The key to their research is a $10,000 electronic monitoring device invented at the Woods Hole Oceanographic Institution in Massachusetts. Known as the DTAG, the foot-long device includes a variety of motion and acoustic sensors. It is attached by suction cups to a whale’s back and is set to release automatically. An onboard transmitter allows researchers to track the animal. After the instrument releases and floats back to the surface, researchers can follow the signal to retrieve the device and its valuable data.
In their research, Woodward and Winn successfully deployed the DTAG on blue whales in the Pacific and humpbacks in the Atlantic during the 2002 field season. Thus far, their study has taken them to the waters off British Columbia, California and Newfoundland. The project has the potential to contribute to our understanding of fundamental whale biology and provide clues about reducing human impact on the marine animals.
From an engineering perspective, the study also will provide a better understanding of the mechanics of underwater maneuvering that can be applied to new designs for underwater vehicles.
With more than 160 dives now recorded, Woodward and Winn have learned to interpret motion sensor data from the tag. The pitch record of fluke stroke patterns helps to estimate the whale’s energetic efforts. In addition, characteristic dive profiles are starting to emerge for different behaviors. Dives can be sorted into foraging, feeding or traveling categories based on the shape of the dive, and stroke and glide swim patterns.

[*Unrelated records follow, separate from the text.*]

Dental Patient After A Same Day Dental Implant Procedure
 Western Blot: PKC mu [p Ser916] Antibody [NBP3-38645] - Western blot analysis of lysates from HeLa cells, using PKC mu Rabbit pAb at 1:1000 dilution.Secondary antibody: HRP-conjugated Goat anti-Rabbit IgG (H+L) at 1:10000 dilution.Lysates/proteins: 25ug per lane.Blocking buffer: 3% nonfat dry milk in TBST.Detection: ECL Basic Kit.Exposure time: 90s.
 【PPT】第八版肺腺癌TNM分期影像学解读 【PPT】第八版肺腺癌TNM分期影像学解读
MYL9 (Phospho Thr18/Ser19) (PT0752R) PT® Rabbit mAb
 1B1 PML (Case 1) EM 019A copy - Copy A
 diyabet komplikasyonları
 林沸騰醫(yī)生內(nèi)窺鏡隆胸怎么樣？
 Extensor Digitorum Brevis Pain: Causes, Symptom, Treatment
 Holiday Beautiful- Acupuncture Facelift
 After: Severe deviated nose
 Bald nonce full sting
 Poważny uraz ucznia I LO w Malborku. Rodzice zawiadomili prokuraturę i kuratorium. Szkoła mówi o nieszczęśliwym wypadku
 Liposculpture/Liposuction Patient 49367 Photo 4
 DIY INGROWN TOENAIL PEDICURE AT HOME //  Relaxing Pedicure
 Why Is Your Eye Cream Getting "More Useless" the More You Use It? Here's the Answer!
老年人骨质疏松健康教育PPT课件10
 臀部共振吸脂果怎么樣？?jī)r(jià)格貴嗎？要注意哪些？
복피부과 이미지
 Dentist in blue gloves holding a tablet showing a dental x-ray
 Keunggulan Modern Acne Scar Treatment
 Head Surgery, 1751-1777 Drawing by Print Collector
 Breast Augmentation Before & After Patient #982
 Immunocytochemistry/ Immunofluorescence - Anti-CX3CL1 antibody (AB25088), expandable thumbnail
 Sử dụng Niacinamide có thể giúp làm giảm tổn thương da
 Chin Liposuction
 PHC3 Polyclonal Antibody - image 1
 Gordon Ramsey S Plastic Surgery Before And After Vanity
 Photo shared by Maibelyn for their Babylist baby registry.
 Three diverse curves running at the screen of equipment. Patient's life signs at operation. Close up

“The truth is we don’t really know what the whales are doing underwater,” says Winn. “But even with its limitations, this data is more than anyone has ever seen before. As we learn to better interpret the data, we will expand our insight into whale behaviors.”
On the water in an inflatable zodiac, Woodward and Winn work as a team. Approaching a whale is risky. While one of them guides the boat, the other uses a 20-foot pole mounted on the bow to place the DTAG on the animal’s back. From then on, they are committed. They must follow the whale and record details, such as when and where it surfaces, its behavior, and whether other animals are in the vicinity.
They are well equipped for this work. They wear insulated survival suits and carry video cameras, including one for underwater use. They also pack a digital compass, radios, a GPS, range finder, and even spare parts for the DTAG and the boat motor.
“Every time we go out, every time we put a tag on, we have to hope that the whale doesn’t head out to sea or that a big fog bank doesn’t roll in and make it impossible to follow the whale. Once you put a tag on, you have to follow it until it comes off,” says Woodward. “It’s a bit nerve-racking to have a $10,000 piece of equipment riding around on the back of a whale.”
Once a DTAG failed to release on a blue whale in the Santa Barbara Channel off California. After following the animal for more than six hours, sea conditions deteriorated, and Woodward and Winn were forced to head back to shore for a long night. But luck was with them in the morning; they detected the radio signal and retrieved the device with its seven hours of data — the longest DTAG deployment on a blue whale.
Woodward and Winn now continue their investigations at UMaine. With Mick Peterson, they have formed a cetacean research group that includes John Riley, a bio-resource engineer and faculty member in the School of Marine Sciences; Anna Demeo, a marine sciences student from Southwest Harbor; and Sean Todd, a faculty member at the College of the Atlantic in Bar Harbor.
Woodward and Winn say they want to provide students and the public with opportunities to share their excitement. “We hope to use the research as a teaching tool — a way to tell people about the whales,” says Winn.